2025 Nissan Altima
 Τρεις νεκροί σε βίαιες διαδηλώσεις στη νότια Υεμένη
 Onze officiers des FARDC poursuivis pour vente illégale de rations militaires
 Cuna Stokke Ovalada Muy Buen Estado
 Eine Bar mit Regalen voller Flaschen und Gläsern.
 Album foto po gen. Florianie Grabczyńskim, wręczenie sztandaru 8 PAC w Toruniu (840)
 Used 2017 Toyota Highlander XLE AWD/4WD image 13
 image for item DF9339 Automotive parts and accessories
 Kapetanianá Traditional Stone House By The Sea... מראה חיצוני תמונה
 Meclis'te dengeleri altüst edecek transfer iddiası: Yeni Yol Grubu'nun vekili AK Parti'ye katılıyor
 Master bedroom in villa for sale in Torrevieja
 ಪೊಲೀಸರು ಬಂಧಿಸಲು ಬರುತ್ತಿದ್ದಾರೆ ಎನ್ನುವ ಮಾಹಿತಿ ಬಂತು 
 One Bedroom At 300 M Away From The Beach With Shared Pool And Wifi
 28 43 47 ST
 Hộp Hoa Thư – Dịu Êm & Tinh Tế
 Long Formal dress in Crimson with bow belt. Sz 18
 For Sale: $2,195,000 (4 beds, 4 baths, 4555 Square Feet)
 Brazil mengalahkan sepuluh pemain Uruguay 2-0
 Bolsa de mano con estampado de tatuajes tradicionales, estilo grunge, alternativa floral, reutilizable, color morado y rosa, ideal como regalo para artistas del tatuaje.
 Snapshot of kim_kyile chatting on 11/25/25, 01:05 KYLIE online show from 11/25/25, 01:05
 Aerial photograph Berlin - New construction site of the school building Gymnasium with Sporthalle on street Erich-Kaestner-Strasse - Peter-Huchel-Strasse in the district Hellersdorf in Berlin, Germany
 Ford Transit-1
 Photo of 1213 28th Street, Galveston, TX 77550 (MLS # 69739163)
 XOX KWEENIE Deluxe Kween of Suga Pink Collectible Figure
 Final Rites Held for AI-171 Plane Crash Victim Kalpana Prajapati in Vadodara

Goal of the exercise:
Beginning from the line that contains "Hộp Hoa Thư – Dịu Êm & Tinh Tế", give each line again exactly, through the final line of the records.

Result:
 Hộp Hoa Thư – Dịu Êm & Tinh Tế
 Long Formal dress in Crimson with bow belt. Sz 18
 For Sale: $2,195,000 (4 beds, 4 baths, 4555 Square Feet)
 Brazil mengalahkan sepuluh pemain Uruguay 2-0
 Bolsa de mano con estampado de tatuajes tradicionales, estilo grunge, alternativa floral, reutilizable, color morado y rosa, ideal como regalo para artistas del tatuaje.
 Snapshot of kim_kyile chatting on 11/25/25, 01:05 KYLIE online show from 11/25/25, 01:05
 Aerial photograph Berlin - New construction site of the school building Gymnasium with Sporthalle on street Erich-Kaestner-Strasse - Peter-Huchel-Strasse in the district Hellersdorf in Berlin, Germany
 Ford Transit-1
 Photo of 1213 28th Street, Galveston, TX 77550 (MLS # 69739163)
 XOX KWEENIE Deluxe Kween of Suga Pink Collectible Figure
 Final Rites Held for AI-171 Plane Crash Victim Kalpana Prajapati in Vadodara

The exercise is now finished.